Air Force One tapes shed light on JFK death aftermath
Air Force One tapes
The entire two hour and 22 minute recording has been made available by the U.S. National Archives and can be accessed on two websites.Wikimedia Commons
The U.S National Archives has released long-lost audio recordings of conversations that happened on Air Force One during the flight back to Washington, D.C., following the assassination of John F. Kennedy while he was president.
The tapes, which provide insight into what happened on the plane following the assassination in Dallas, Texas, on Nov. 22, 1963, contain more than 40 minutes of audio that was not included in tapes previously made public.
The plane was carrying the body of the president, his wife Jackie Kennedy, whose clothes were still stained with her husband’s blood, and Lyndon B. Johnson — who was sworn in as president on Air Force One at Love Field Airport only two hours after Kennedy was shot and killed.
The conversations were recorded by the White House Communications Agency (WHCA), which routed all phone and radio traffic, and include new code names and incidents; communications with another aircraft in the presidential fleet, en route to Tokyo; a private conversation with Jerry Behn, the head of the Secret Service; a phone call to Rose Kennedy, the president’s mother; and a discussion about what to do with the president's body.
"Everyone aboard Air Force One, with the exception of the body, would be choppered into the south ground. The body will be choppered to the Bethesda Naval Medical Centre," a voice on the tape says.

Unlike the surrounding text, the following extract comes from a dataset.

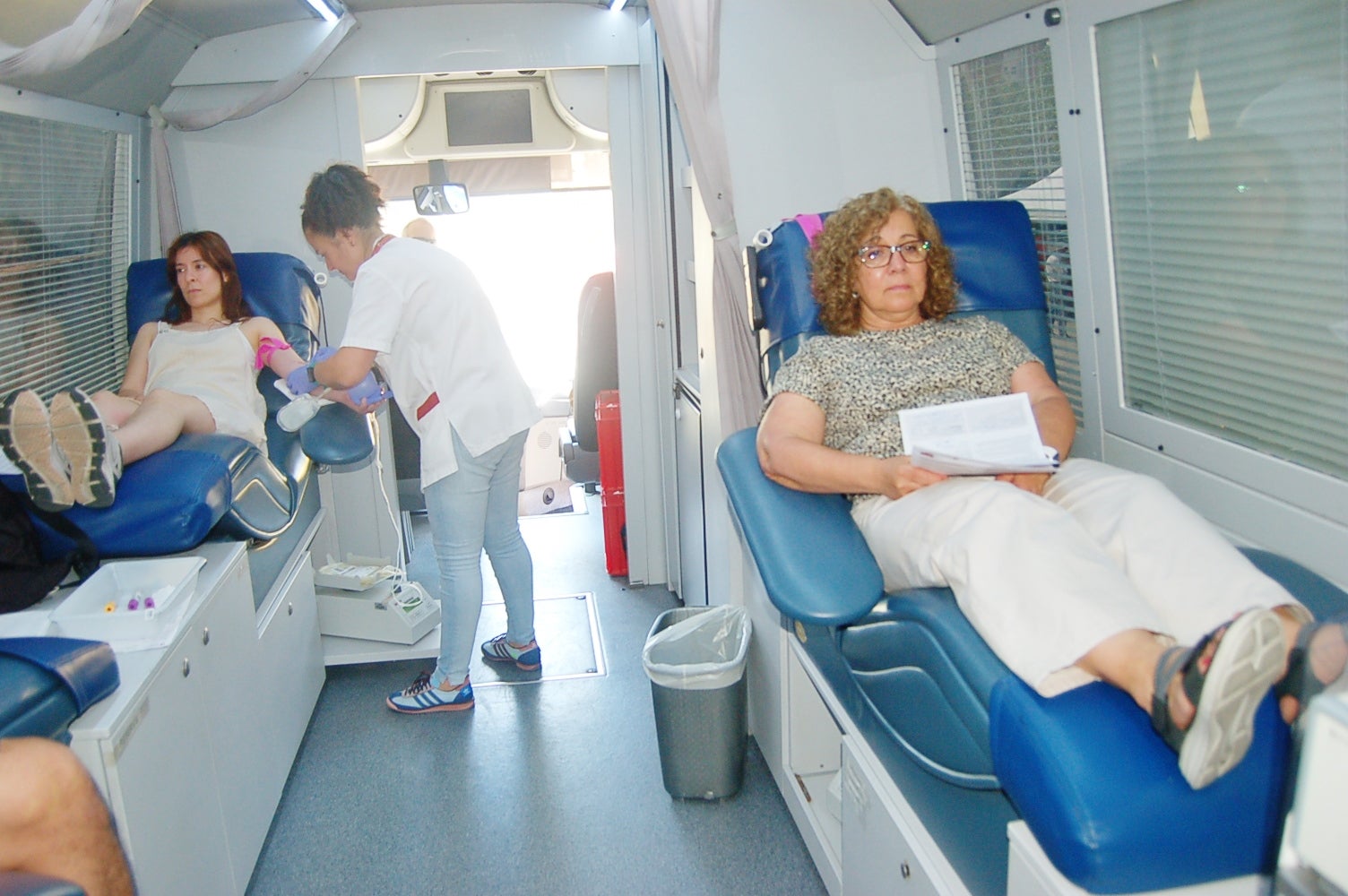 Aquest dissabte, 7 de juny, l'Agrupació de Defensa Forestal de Terrassa ha organitzat una nova campanya de donació de sang al Parc dels Catalans, al costat de l'estació d'FGC de Terrassa Rambla. Durant tot el matí, la zona s'ha omplert de festa amb tallers, exposicions de vehicles d'intervenció i les actuacions dels Diables de Ca n'Aurell i els Diables de Terrassa | Ramón Navarro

Another replies, "The body is in a casket ... and will have to be taken by ambulance, not by chopper." And later on, instructions were given to also have a mortuary type ambulance stand by in case the helicopter did not work.
Johnson is heard on the tapes offering his condolences to Rose Kennedy.

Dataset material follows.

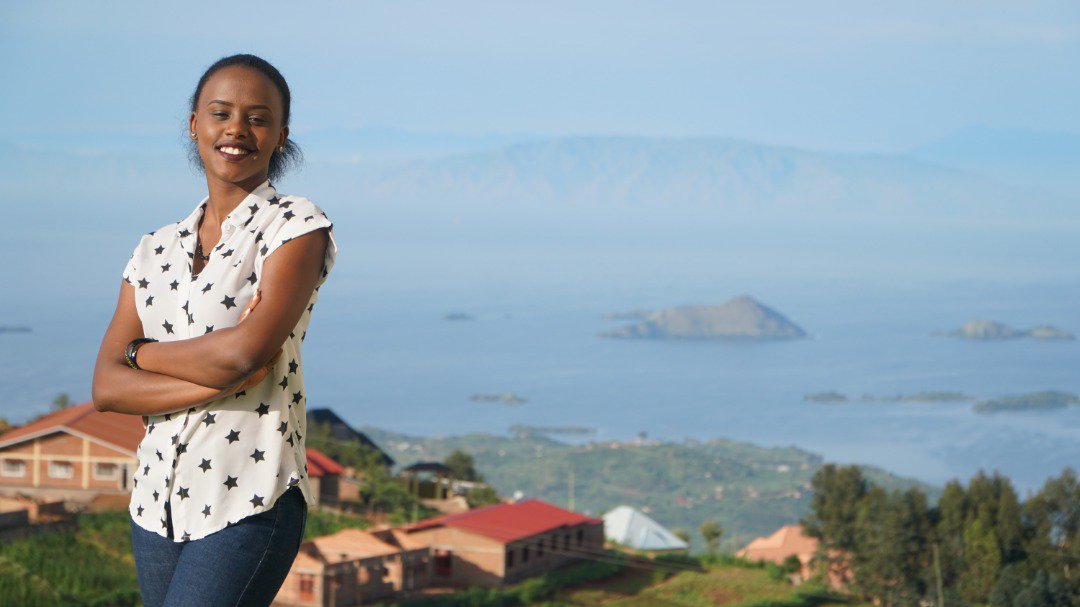 AlineSanny's tweet photo. There is so much beauty in @RutsiroDistrict, located in @RwandaWest, to the extent that it was hard for me to leave without taking some few landscape shots.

"I wish to God there was something that I could do … and I wanted to tell you that we are grieving with you," Johnson told the dead president's mother.
Barely audible in the recording, she replies: "Thank you very much. Thank you very much. I know you loved Jack. And he loved you."
The tapes were discovered and donated by the Raab Collection, a dealer of autographs, historical documents and manuscripts.
"This is a particularly exciting find," said Nathan Raab, vice-president of the Raab Collection, in a release. "The discovery of these tapes will allow the public a more complete view of the chaotic circumstances following the assassination of President Kennedy. We are honoured to be part of that process."
A rare documents dealer had acquired the tapes from the estate sale of a Kennedy aide.